■ TASK STATEMENT: Omitting any pictures, transcribe the entries below exactly.

Dataset records:
=== Begin Enclosure ===
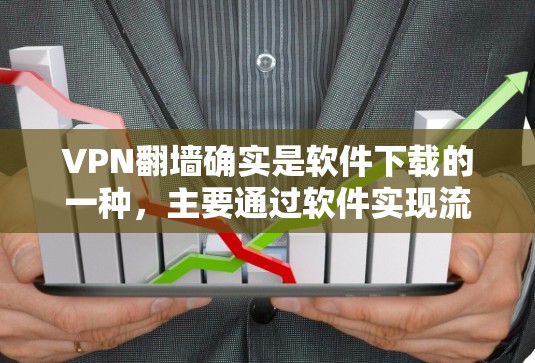 VPN翻墙确实是软件下载的一种,主要通过软件实现流量映射,允许在不下载软件的情况下访问外部网络。以下是对此问题的详细分析 VPN翻墙确实是软件下载的一种,主要通过软件实现流量映射,允许在不下载软件的情况下访问外部网络。以下是对此问题的详细分析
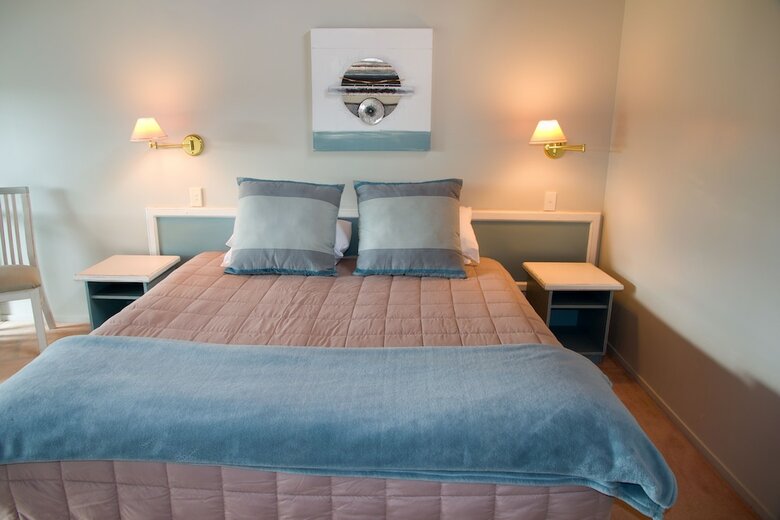 Hotel The Clendon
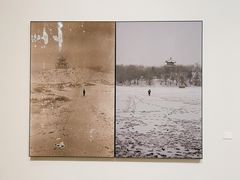 -清华大学艺术博物馆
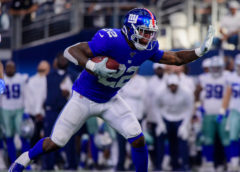 gallmanwaiversap-1ab3bd37f488fa0513a643a35a430d9b15f1ef2e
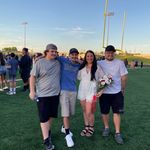Mason Kline - @masonkline_19 - Instagram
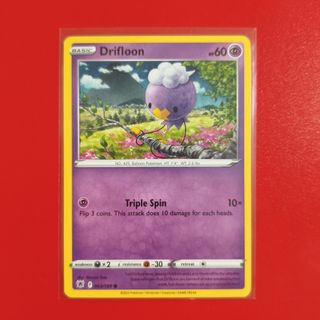 (Category: ) located in . Submitted by kevynwoo (Listing ID 1440271915, Image 1). Description: .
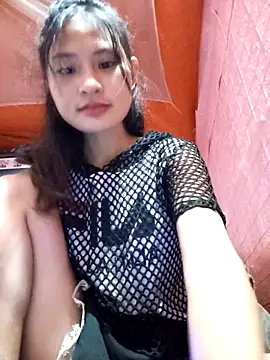 Snapshot of trieungoclnt chatting on 09/29/25, 04:39 trieungoclnt online show from 09/29/25, 04:39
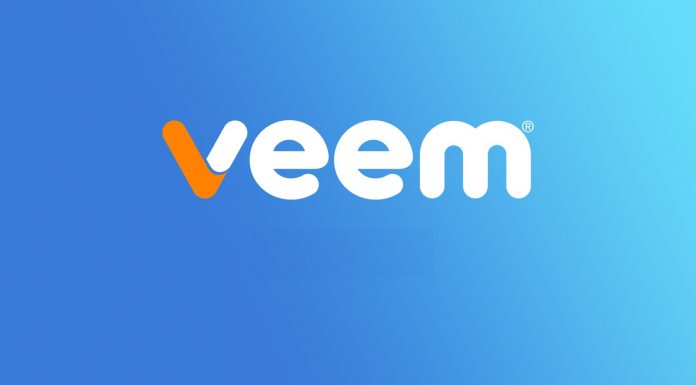 Veuem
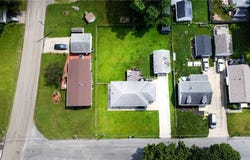 1080 Prospect Street, Barberton, OH 44203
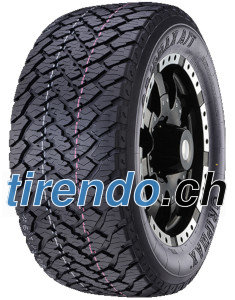 Gripmax Inception A/T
=== End Enclosure ===
■ FINISHED TASK:
 VPN翻墙确实是软件下载的一种,主要通过软件实现流量映射,允许在不下载软件的情况下访问外部网络。以下是对此问题的详细分析 VPN翻墙确实是软件下载的一种,主要通过软件实现流量映射,允许在不下载软件的情况下访问外部网络。以下是对此问题的详细分析
 Hotel The Clendon
 -清华大学艺术博物馆
 gallmanwaiversap-1ab3bd37f488fa0513a643a35a430d9b15f1ef2e
Mason Kline - @masonkline_19 - Instagram
 (Category: ) located in . Submitted by kevynwoo (Listing ID 1440271915, Image 1). Description: .
 Snapshot of trieungoclnt chatting on 09/29/25, 04:39 trieungoclnt online show from 09/29/25, 04:39
 Veuem
 1080 Prospect Street, Barberton, OH 44203
 Gripmax Inception A/T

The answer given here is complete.